Did you know people reading web pages follow an F pattern? Readers scan the lede, do a quick pass over the nut graf, drop down to the next subhead, and then move down the page. If a web developer is lucky, the eyeballs track all the way down to the bottom of the content on that page. More likely, after a few seconds the reader has clicked on out of your site and is heading for something more interesting.
I've heard this before, but heard it reiterated at a lunch-hour plain language seminar yesterday. The F-pattern is a variation on the classic newspaper inverted pyramid: put the most important stuff in the first couple of lines because odds are that's all most readers are ever going to look at. It's also the exact opposite of the way the scientists, the subject matter experts (the SMEs), here at Large Nameless Agency are trained to write. Scientists are big believers in burying readers alive in paragraph after paragraph of details that build to a (sort of) conclusion, the academic/scholarly writing pattern that dictates you state a thesis, pile on facts, and then eventually, many, many pages later, tell people additional research is needed.

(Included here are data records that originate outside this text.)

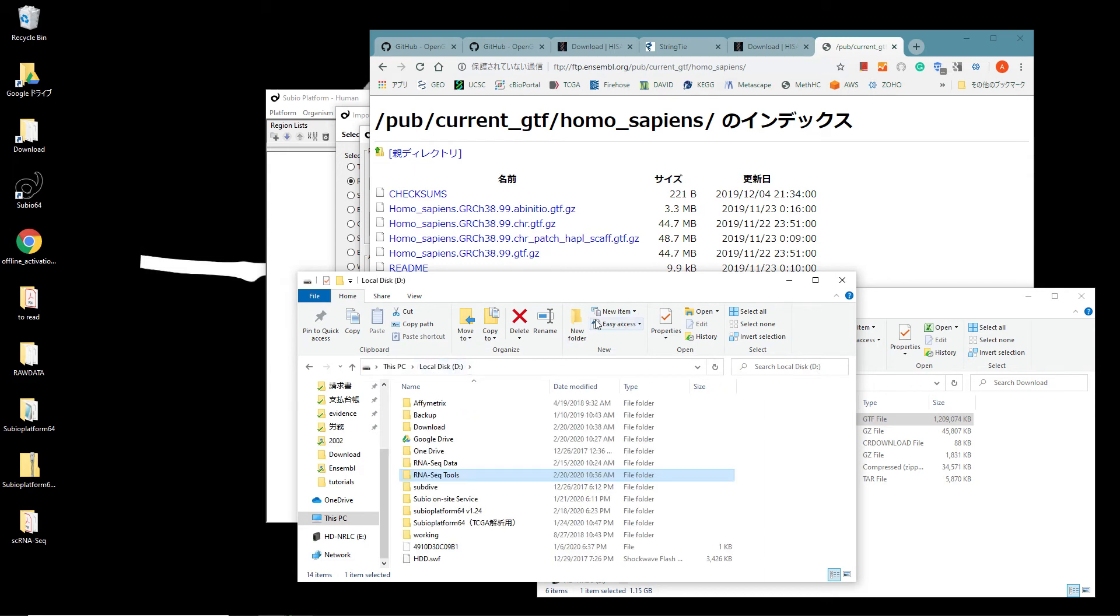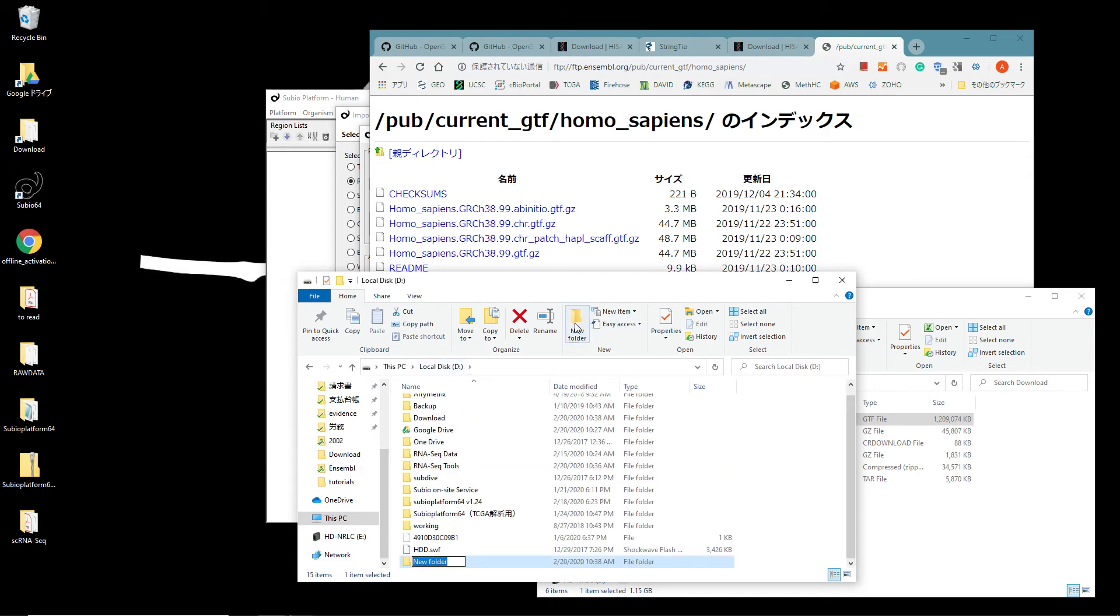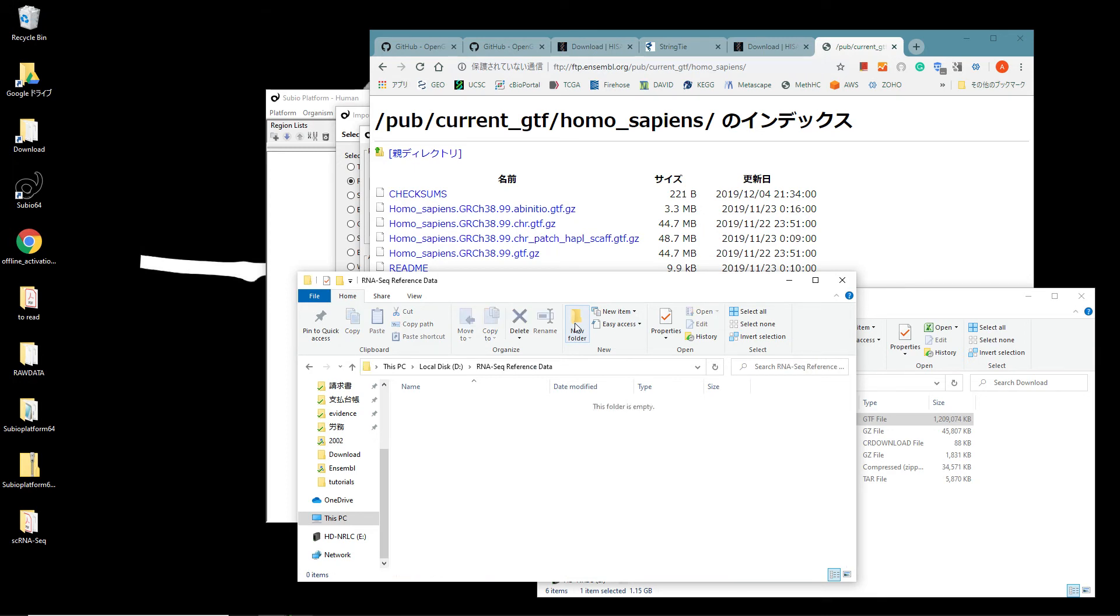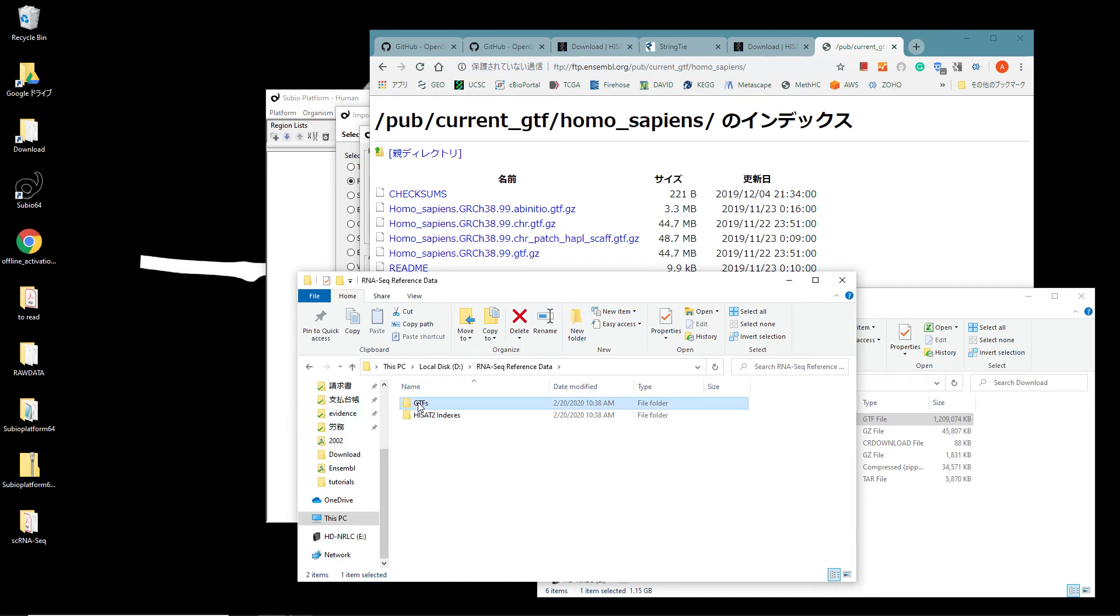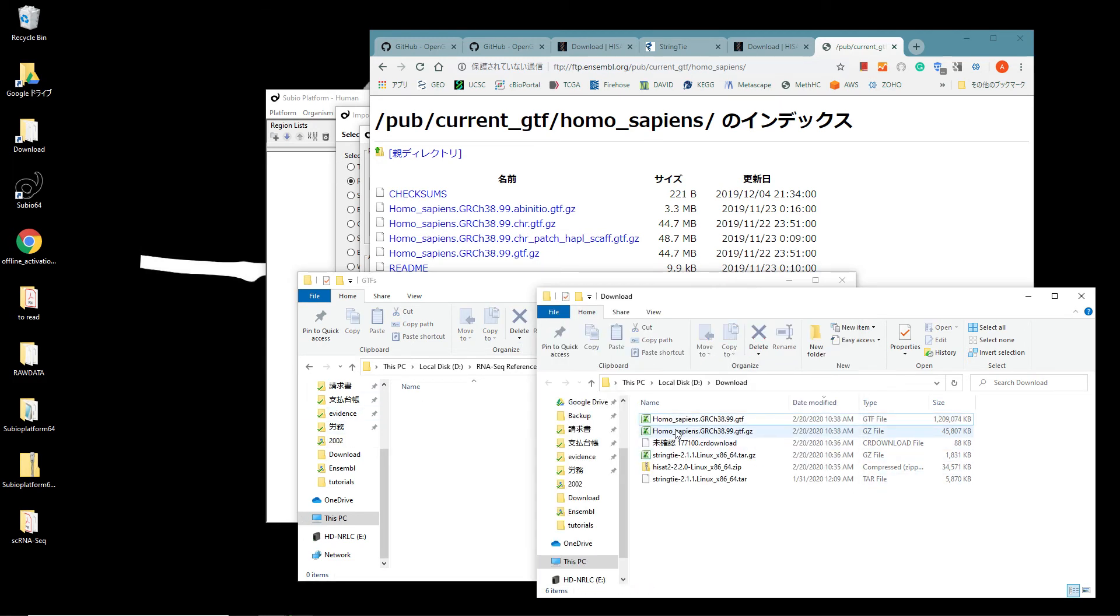You'd create a new folder named RNA-Seq Reference Data under an arbitrary directory, and then create the GTF's folder and the HISAT2 indexes folder. Move the .gtf file that you extracted under the GTF's folder.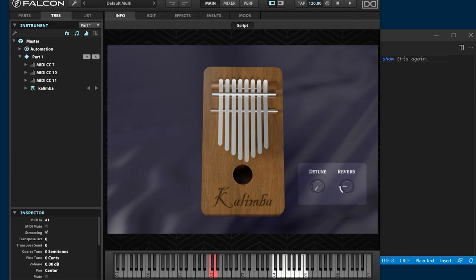In this video, I will explain how to create a high-spec UVI Falcon sampling-based library with custom GUI, velocity layers, round-robin, and keyswitches.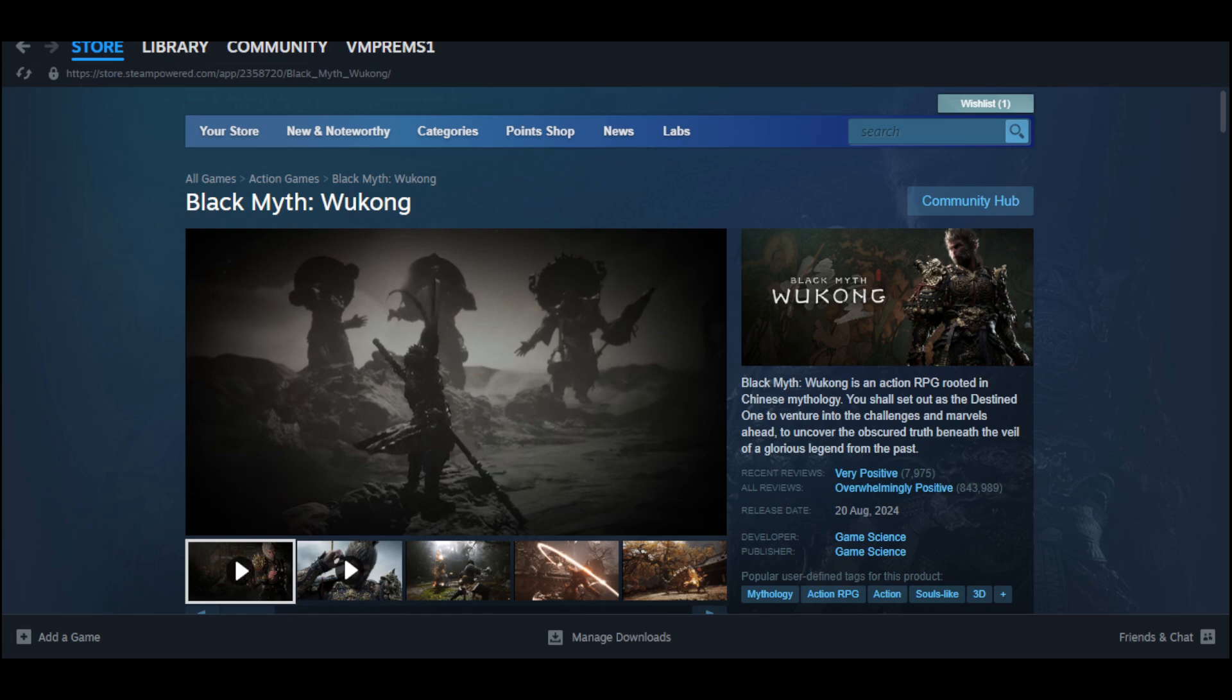How to fix Black Myth: Wukong not launching on Steam. In this video, I will discuss how you can actually fix Black Myth: Wukong that's not launching on your Steam application. First thing you need to do is make sure that you have Black Myth: Wukong installed on your library.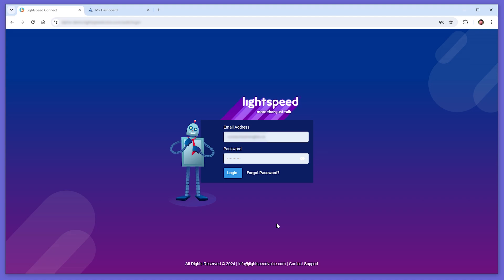This integration allows you to receive call pop-ups on inbound and outbound calls, call details loaded into AgencyZoom automatically, and two-way sync of calling and texting features.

Example: want to warn people that electricity can kill you? Typical scientist's approach would be to give it a complex title ("The potentially fatal consequences of accidental exposure to electrical current"), explain the entire history of electricity, starting maybe with galvanic reactions in frogs being studied in the 18th century, a reference or two to Franklin flying kites and Edison electrocuting elephants to prove that alternating current could kill you, and then, after many, many dense pages, ending with a "and in conclusion it's probably a bad idea to drop a blow dryer into a bathtub." Left to their own devices the SMEs would produce fact "sheets" running 10 or 20 pages long. Which is why LNA employs writer-editors.
We take the 20 page fact sheet and turn it into a one pager with a title that screams "Electricity can kill you" followed by bullet points, e.g., "Don't touch downed power lines." And then we get to listen to the SMEs scream that we've dumbed it down and eliminated the science. Then the science officer takes our carefully crafted inverted pyramid and flips it upside down, insists on shoving in 200 or 300 words-worth of extraneous polysyllables, and wonders why the web site isn't getting the traffic he or she thinks it should. Maybe one of these days they'll figure out that it doesn't matter how good the science is if the people they're trying to serve (the general public) doesn't understand it.